Despite recognising the limitations of technology to solve this very social problem, I believe there is huge potential for technology to drastically improve things. We have looked to technology to advance almost every other area of our lives, from fintech to medtech to edtech, but in the past 50 years, very little by way of technology has helped us better manage our homes and families. Fairshare is using technology in two main ways: we have built a tech-enabled tool, a mobile app, to help households split chores simply, and we use social media, predominantly TikTok, LinkedIn and Instagram, to spread the word about what we are doing.
How did your experiences at Oxford support your journey to entrepreneurship?
During my degree, I cannot say I utilised or (sadly) even explored the array of entrepreneurial opportunities that Oxford has to offer. That said, since founding Fairshare, my time at Oxford has indirectly supported my founding journey in several ways. Being a solo founder is isolating at times—friendships from Oxford (especially my best friend turned partner who I met at Queen’s, as well as a whole squad of friends from OUWRFC), are always on hand to lend a hand, listening ear, or a shoulder to cry on when things are not working out. Unexpected collaborations with Queen’s alumni who I reunited with nearly ten years on, have also been a total joy.
How did your MBA at Harvard Business School prepare you for launching a start-up?
In contrast to Oxford, my MBA at Harvard Business School was hugely significant in my founding of Fairshare. It was the first place I properly encountered entrepreneurship, and I became totally inspired by classmates who had founded, or were founding companies. With the support of Harvard’s generous Social Impact Summer Fellowship, I started working on Fairshare in the summer of 2021 instead of doing a formal internship, and was grateful to be accepted onto the business school’s start-up accelerator course, based on the progress I had made over that summer. In my final semester, I took as many classes focused on entrepreneurship as I could, and when I returned to the UK, tried to apply as much of the theory I had learnt as I could to Fairshare. Despite being across the pond, Harvard continued to support my endeavours. In particular, I am extremely grateful to Professor Kathleen McGinn, who I began working with during the MBA on an independent project on equity and inclusion at Harvard, who subsequently became a trusted advisor to Fairshare and recruited me as a part-time researcher. I continue to work with her and a wonderful research team at Harvard, and we are writing an academic paper on the intrahousehold negotiation of chores and childcare during COVID, which feeds into Fairshare’s work very significantly.
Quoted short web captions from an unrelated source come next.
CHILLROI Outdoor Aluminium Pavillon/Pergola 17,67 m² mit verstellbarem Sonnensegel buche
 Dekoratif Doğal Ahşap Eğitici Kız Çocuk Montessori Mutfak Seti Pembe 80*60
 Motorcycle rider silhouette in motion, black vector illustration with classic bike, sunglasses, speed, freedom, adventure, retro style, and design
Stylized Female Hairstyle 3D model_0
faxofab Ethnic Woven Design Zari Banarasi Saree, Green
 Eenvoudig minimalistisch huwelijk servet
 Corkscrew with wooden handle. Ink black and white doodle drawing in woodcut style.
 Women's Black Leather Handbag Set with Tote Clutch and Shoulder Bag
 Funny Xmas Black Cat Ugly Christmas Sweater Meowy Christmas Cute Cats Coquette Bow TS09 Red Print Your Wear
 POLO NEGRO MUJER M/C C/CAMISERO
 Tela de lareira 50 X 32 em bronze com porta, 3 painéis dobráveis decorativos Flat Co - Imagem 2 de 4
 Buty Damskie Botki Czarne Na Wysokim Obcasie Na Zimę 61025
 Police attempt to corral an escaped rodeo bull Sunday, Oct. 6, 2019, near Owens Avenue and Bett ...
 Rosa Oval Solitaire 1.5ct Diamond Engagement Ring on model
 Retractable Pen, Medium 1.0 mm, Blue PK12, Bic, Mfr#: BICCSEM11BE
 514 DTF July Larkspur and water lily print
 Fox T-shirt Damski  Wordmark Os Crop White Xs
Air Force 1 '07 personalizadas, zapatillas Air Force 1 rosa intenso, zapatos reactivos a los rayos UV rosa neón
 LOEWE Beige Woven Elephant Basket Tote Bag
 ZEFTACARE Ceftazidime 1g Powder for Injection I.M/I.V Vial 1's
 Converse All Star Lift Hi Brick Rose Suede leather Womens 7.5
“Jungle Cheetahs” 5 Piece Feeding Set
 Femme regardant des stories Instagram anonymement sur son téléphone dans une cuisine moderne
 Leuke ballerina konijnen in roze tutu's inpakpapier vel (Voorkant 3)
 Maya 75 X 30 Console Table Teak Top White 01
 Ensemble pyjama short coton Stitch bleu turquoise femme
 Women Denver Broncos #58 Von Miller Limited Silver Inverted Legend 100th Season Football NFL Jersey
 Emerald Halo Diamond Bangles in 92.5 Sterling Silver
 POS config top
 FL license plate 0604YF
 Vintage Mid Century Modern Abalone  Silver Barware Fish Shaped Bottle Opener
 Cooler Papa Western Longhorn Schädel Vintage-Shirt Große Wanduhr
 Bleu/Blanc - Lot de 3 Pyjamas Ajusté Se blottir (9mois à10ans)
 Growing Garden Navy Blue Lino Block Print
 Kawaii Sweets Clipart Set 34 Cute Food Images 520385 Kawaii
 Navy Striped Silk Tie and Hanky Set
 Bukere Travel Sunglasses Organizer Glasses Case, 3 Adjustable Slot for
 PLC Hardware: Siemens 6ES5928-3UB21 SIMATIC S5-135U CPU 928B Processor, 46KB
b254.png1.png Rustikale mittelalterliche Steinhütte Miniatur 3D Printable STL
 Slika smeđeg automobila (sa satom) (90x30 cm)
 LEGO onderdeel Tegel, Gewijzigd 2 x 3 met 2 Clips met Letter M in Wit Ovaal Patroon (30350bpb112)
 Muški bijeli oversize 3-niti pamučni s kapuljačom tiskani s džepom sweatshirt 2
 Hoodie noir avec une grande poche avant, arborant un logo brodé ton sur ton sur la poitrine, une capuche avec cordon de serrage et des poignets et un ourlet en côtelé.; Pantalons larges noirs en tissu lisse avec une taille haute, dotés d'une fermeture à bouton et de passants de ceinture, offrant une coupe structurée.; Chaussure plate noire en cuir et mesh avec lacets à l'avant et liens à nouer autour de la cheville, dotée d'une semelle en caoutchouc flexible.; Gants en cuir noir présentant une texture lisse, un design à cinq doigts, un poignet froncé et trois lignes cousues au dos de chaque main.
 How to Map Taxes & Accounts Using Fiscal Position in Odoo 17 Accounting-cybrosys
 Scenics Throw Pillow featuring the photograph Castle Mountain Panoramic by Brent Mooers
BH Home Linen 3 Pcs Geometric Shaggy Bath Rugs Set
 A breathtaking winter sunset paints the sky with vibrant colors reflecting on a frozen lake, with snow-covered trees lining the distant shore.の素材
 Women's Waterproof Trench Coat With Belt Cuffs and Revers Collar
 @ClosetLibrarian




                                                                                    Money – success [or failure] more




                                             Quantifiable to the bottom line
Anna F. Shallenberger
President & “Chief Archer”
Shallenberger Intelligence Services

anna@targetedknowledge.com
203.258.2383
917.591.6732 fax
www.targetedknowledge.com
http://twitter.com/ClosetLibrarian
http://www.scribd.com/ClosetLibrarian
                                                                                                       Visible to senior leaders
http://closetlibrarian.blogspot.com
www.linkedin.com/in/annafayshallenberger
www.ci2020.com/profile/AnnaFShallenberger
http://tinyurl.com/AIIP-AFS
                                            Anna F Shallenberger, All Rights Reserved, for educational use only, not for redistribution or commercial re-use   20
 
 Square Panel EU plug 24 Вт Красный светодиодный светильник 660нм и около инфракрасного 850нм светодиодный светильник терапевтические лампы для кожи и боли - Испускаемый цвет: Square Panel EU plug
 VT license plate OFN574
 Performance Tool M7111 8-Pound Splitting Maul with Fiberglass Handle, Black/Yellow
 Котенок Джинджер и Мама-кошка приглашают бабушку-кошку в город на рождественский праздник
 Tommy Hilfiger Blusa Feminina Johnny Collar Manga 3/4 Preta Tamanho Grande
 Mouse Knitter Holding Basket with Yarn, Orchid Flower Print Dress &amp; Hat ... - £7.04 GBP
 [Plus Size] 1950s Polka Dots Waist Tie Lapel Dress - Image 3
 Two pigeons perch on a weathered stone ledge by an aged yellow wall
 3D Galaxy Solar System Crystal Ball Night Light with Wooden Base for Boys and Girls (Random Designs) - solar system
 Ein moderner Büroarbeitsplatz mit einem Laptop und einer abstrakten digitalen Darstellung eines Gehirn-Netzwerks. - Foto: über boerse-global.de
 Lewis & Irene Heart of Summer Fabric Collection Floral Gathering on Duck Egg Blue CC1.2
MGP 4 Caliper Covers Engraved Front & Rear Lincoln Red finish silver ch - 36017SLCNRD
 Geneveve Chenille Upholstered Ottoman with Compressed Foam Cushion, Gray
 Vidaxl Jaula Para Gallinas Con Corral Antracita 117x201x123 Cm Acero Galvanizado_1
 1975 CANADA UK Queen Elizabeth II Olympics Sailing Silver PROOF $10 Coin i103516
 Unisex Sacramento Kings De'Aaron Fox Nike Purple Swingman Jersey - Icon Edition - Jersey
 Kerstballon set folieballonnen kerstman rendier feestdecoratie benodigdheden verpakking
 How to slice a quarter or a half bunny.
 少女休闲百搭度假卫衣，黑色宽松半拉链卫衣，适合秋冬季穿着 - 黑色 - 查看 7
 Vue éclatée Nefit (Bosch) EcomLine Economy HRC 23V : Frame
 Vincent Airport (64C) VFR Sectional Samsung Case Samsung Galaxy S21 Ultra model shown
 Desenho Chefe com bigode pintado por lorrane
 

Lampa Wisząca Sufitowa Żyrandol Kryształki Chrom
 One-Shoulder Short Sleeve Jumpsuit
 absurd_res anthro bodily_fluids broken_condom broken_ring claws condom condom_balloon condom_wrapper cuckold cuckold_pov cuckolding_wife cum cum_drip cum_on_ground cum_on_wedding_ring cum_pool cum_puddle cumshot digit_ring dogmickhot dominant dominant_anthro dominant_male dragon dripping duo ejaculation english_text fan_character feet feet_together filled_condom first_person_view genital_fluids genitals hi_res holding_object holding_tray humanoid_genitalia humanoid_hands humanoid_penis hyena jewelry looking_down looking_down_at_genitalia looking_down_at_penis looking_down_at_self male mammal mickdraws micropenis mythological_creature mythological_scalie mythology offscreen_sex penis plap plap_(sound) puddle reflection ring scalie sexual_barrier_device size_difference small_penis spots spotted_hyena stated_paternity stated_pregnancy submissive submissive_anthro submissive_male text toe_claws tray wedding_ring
Do you have a favourite place at Queen’s?
I do, though it has changed somewhat since I was at Queen’s! My favourite place in College was the Peet library which, at the time, only Egyptology and Classics students could access. I was first shown it during my interview week at Queen’s by the lovely Access Rep at the time, as they were very excited to learn about a potential Egyptology student as they “hadn’t had one of those for a few years”! The library used to be tucked away down a staircase next to the Beer Cellar and boasts an extremely impressive collection of Egyptological books, including some stunning enormous folios that contain beautiful tomb scenes. While no longer in the same location (it’s now housed in the main library), I am thrilled that the Peet library lives on at Queen’s.
Can you give us some recommended reading?
Fair Play by Eve Rodsky is the best book I have read on the topic of sharing chores and childcare. It’s very unhelpfully heavily marketed towards women, but nevertheless, it introduces some extremely helpful concepts and systems (like ownership of tasks through conception, planning and execution, and minimum standards of care) that form a very helpful foundation for sharing responsibilities at home.